We next asked whether the positional signals carried by CA1 and V1 relate to the animal’s subjective estimate of position (Figure 3a-f). CA1 activity is influenced by the ongoing performance of navigation tasks20-23, and may reflect the animal’s subjective position more than actual position21, 23, 24. Having trained the mice to selectively lick the spout in the reward zone, we could assess their subjective estimate of position from the location of their licks. We divided trials into three groups: Early trials when too many licks (usually 4-6) were before the reward zone, causing the trial to be aborted; Correct trials when one or more licks occurred in the reward zone; and Late trials when the mouse missed the reward zone and licked afterwards. To understand how V1 and CA1 neural representations of space related to this behaviour, we trained the Bayesian decoder on the population activity measured in Correct trials, and analysed the likelihood of decoding different positions in the three types of trials. Decoding performance in Early and Late trials showed systematic deviations from the diagonal (where decoded position is veridical). In Early trials, V1 and CA1 tended to overestimate the animal’s progress along the corridor (a deviation above the diagonal in Figure 3a, d). In Late trials, conversely, they tended to underestimate it (a deviation below the diagonal in Figure 3b, e). Accordingly, the probability of being in the reward zone peaked before the actual reward zone in Early trials and after it in Late trials, and this was the case not just for CA1 but also for V1 (Figure 3 c, f). These consistent deviations suggest that the representations of position in V1 and CA1 are correlated with the animal’s decisions to lick and thus likely reflect the animal’s subjective estimate of position.
(a) Density map showing the distribution of positions decoded from the V1 population (y-axis), as a function of the animal’s actual position (x-axis) on trials where the mice licked early. The decoder was trained on a separate set of trials where mice licked in the correct position. (b) Same plot for trials where the animal licked late. (c) The average decoded probability for the animal to be in the reward zone, as a function of distance from the reward on Early (red), Correct (green) and Late (blue) trials. The red curve peaks before the animal actually reaches the reward zone, while the blue curve peaks after, indicating that V1 population activity represents subjective, rather than actual position at the time of licking on early and late trials. The probability was normalized relative to the probability of being in the reward zone in the correct trials. Red dots: positions where the decoded probability of being in the reward zone differed significantly between Early and Correct trials (p<0.05, two-sample t-test). Blue dots: significant difference between Correct and Late trials. (d-f) Same as a-c, for decoding using the population of CA1 neurons. (g) Position decoded from V1 activity as a function of actual position of the animal. Each cross shows the position of when the animal licked for a reward on Early trials (red crosses) or Late trials (blue crosses) on an example session. Note that Late trials can include some early licks. The distributions of all the error trial licks during the example session (mean ± s.d) are shown as shaded regions for Early (red) and Late (blue) trials. The reward zone is indicated as a light green shaded region. (h) The distributions of positions decoded from V1 activity as a function of actual position of the animal for all error trial licks across all recording sessions (n = 8). (i) Fraction of licks as a function of distance from reward location in decoded positions decoded from V1 activity. (j-l) Same as g-i, for CA1 neurons.

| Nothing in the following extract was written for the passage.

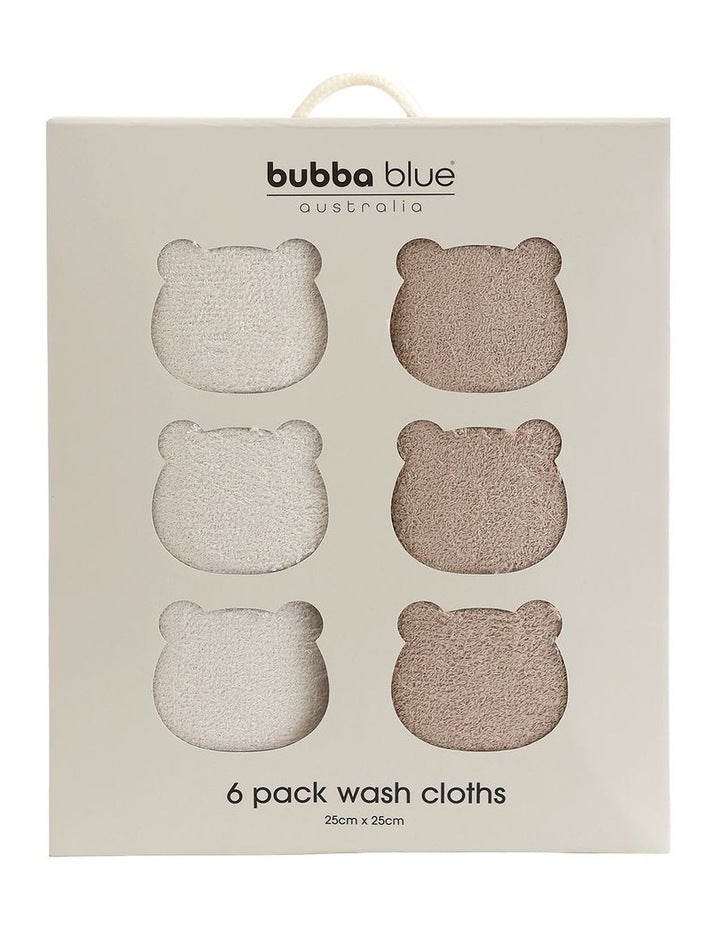 Nursery Face Washers - 6 Pack - Soft Cotton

The timing of the licks provides an opportunity to gauge when the mouse’s subjective estimate of position lies in the reward zone. If activity in V1 and CA1 reflects subjective position, it should place the animal in the reward zone whether the animal correctly licked in that zone or it licked earlier or later. This prediction is borne out by the data (Figure 3g-l). In the VR environment, we had a precise measurement of the times when the animal licked. We could therefore decode activity in V1 and CA1 at those times, and compare the decoded position to the animal’s actual position. When plotted as a function of actual position, by definition, the distributions of licks in Early, Correct, and Late trials were distinct (Figure 3g, h and j, k). However, when plotted as a function of decoded position (with a decoder trained only on Correct trials) these distributions came into register over the rewarded zone, whether the decoding was done from V1 activity (Figure 3g-i) or from CA1 activity (Figure 3j-l). Thus, when animals licked for a reward, the activity of both V1 and CA1 signalled that position was in the reward zone.

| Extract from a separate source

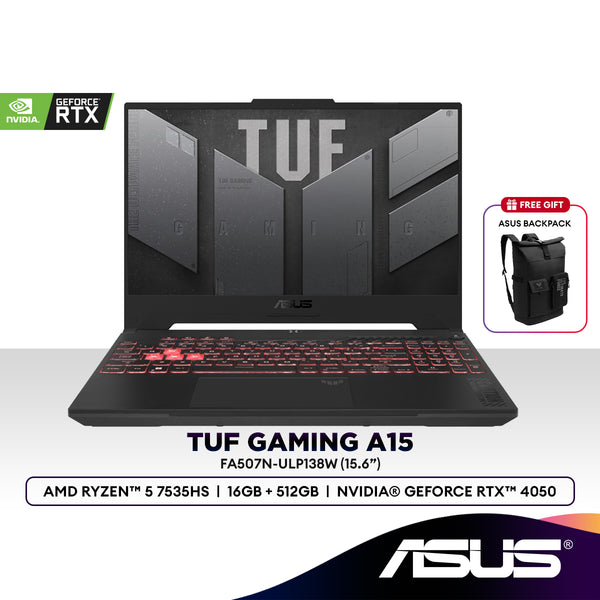 Asus TUF A15 FA507N-ULP138W 15.6" Gaming Laptop (Ryzen™ 5 7535HS | 16GB | 512GB SSD | GeForce RTX™ 4050)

Taken together, these results indicate that the visual responses of V1 are modulated by the same spatial signals represented in hippocampus, and that these signals reflect the animal’s subjective position in the environment. These signals may become stronger as animals become increasingly familiar with the environment6, 7, perhaps contributing to the changes in V1 responses to visual stimuli seen as animals learn behavioural tasks25-27. However, we also observed spatial modulation in animals that freely ran the environment without reward (Figure 1; Supplementary Figure 6), suggesting that even incidental learning of the spatial features of the environment, in the absence of a task, is sufficient to modulate V1 responses.

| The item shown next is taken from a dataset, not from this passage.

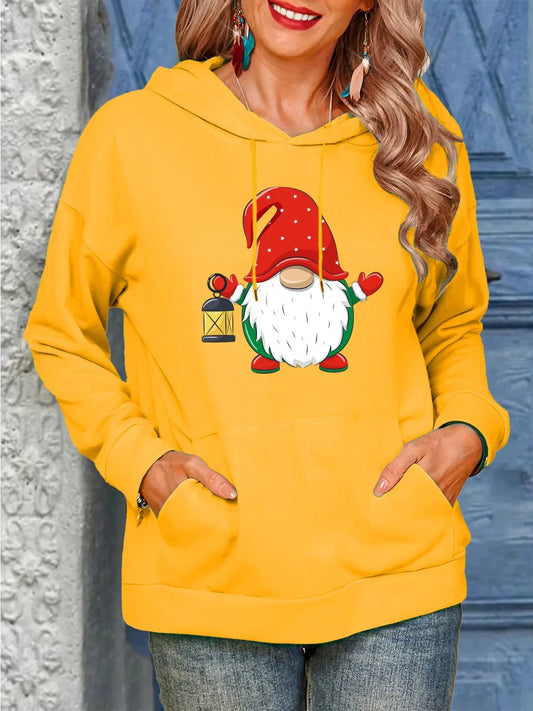 Christmas Pattern Printed Fleece Hoodie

The network of connections underlying this modulation of visual responses by subjective spatial position is yet unknown. While the primary visual cortex and hippocampus are not directly connected, both feed-forward and feedback connections (possibly through higher visual areas and retrosplenial or rhinal cortices) may convey spatial information between the two regions28, 29. Outside the hippocampal formation, spatial signals have been reported in the retrosplenial, parietal and prefrontal cortex30, 31. Our data show that spatial signals related to an animal’s own estimate of position appear as early as in a primary sensory cortex. This result indicates that the mouse cortex does not keep a firm distinction between navigational and sensory systems: rather, spatial signals permeate cortical processing.
Author contributions
All authors contributed to the design of the study. ABS & MD carried out the experiments and analysed the data with JF. ABS, MD, JF, KDH and MC wrote the paper.
Supplementary Figures
Supplementary Movie 1: Movie of animal performing the task in virtual reality.
a, The virtual corridor had four prominent landmarks. Two landmarks (grating and plaid) were repeated at two positions, 40cm apart creating two visually matching segments in the room, from 10 cm to 50 cm and from 50 cm to 90 cm (indicated by red and blue bars in the left panel), as illustrated in the right panel.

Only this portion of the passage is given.